Re: count(*) slow on large tables - Mailing list pgsql-performance

From Christopher Browne
Subject Re: count(*) slow on large tables
Date
Msg-id m3u16ovaqt.fsf@wolfe.cbbrowne.com
Whole thread Raw
In response to Re: count(*) slow on large tables  (Bruce Momjian <pgman@candle.pha.pa.us>)
List pgsql-performance
Quoth tgl@sss.pgh.pa.us (Tom Lane):
> Bruce Momjian <pgman@candle.pha.pa.us> writes:
>> We do have a TODO item:
>>     * Consider using MVCC to cache count(*) queries with no WHERE clause
>
>> The idea is to cache a recent count of the table, then have
>> insert/delete add +/- records to the count.  A COUNT(*) would get the
>> main cached record plus any visible +/- records.  This would allow the
>> count to return the proper value depending on the visibility of the
>> requesting transaction, and it would require _no_ heap or index scan.
>
> ... and it would give the wrong answers.  Unless the cache is somehow
> snapshot-aware, so that it can know which other transactions should be
> included in your count.

[That's an excellent summary that Bruce did of what came out of the
previous discussion...]

If this "cache" was a table, itself, the visibility of its records
should be identical to that of the visibility of the "real" records.
+/- records would become visible when the transaction COMMITed, at the
very same time the source records became visible.

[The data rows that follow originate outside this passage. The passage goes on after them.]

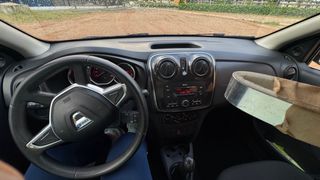 Dacia Sandero 2019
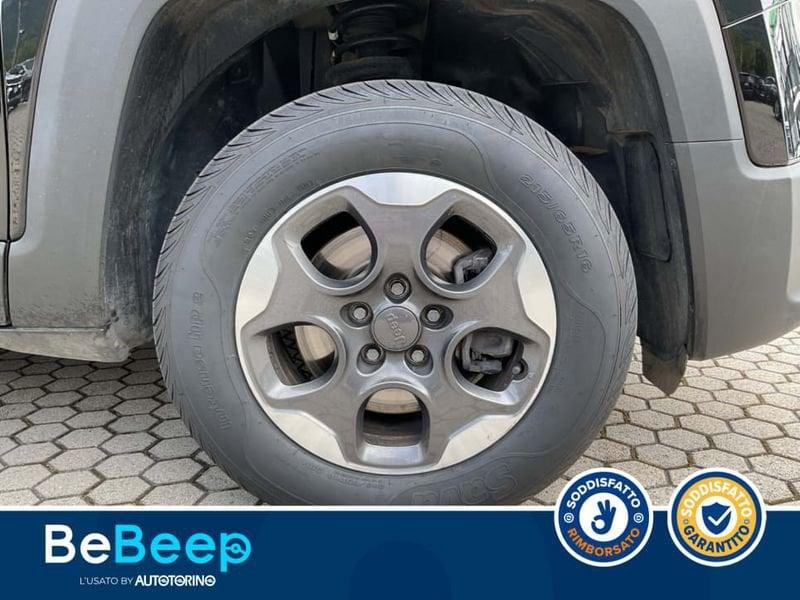 Jeep Renegade 2.0 MJT SPORT 4WD 120CV MY18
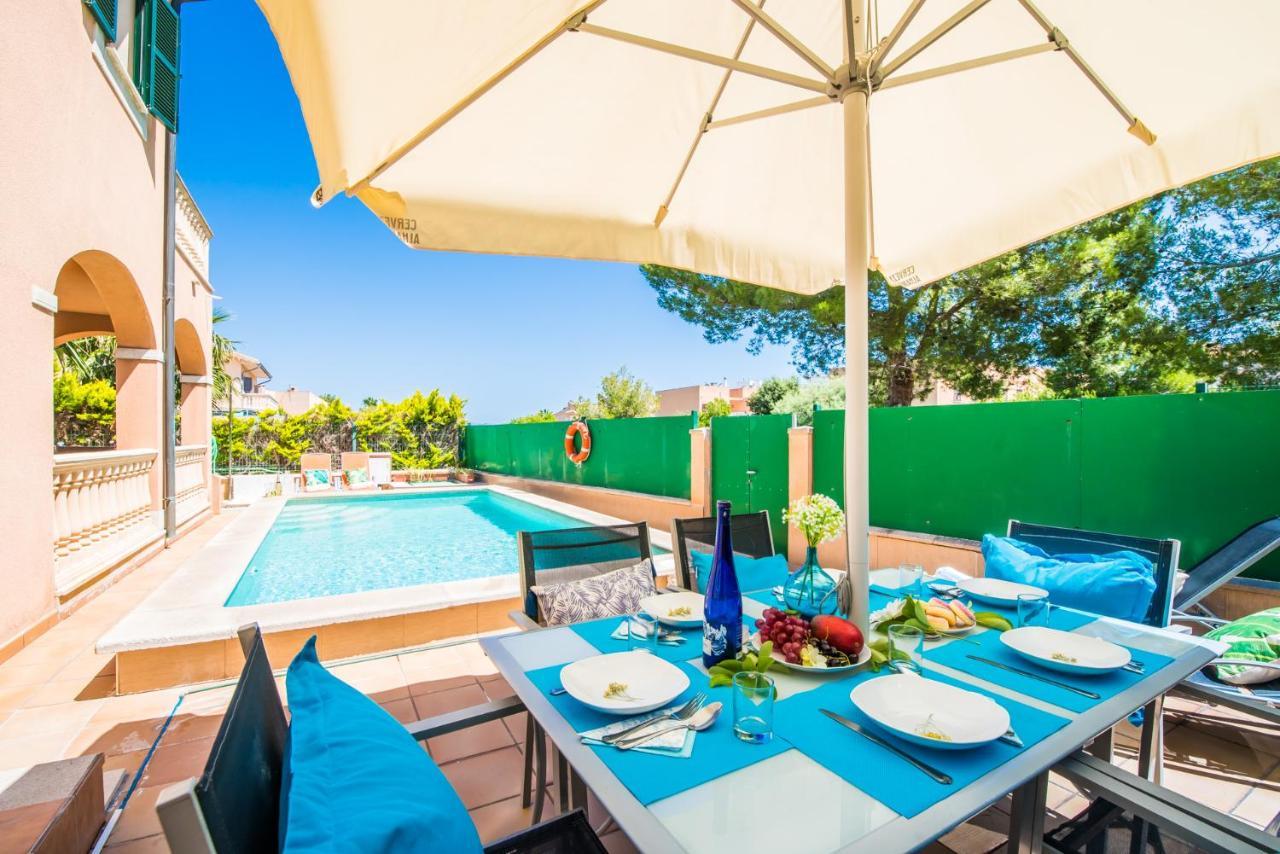 Сasa de vacaciones Delicias Id:52851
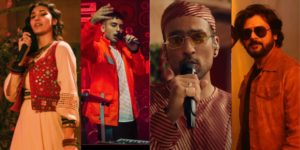 Coke studio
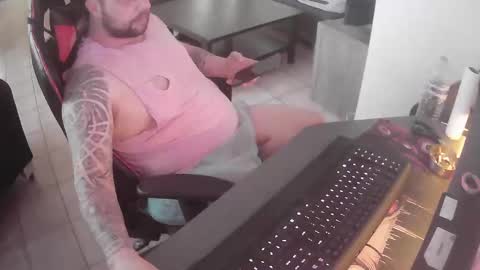 faelust online show from 03-03-25, 04:24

I thought, at one point, that it would be a slick idea for "record
compression" to take place automatically; when you do a COUNT(*), the
process would include compressing multiple records down to one.
Unfortunately, that turns out to be Tremendously Evil if the same
COUNT(*) were being concurrently processed in multiple transactions.
Both would repeat much the same work, and this would ultimately lead
to one of the transactions aborting.  [I recently saw this effect
occur, um, a few times...]

For this not to have Evil Effects on unsuspecting transactions, we
would instead require some process analagous to VACUUM, where a single
transaction would be used to compress the "counts table" down to one
record per table.  Being independent of "user transactions," it could
safely compress the data without injuring unsuspecting transactions.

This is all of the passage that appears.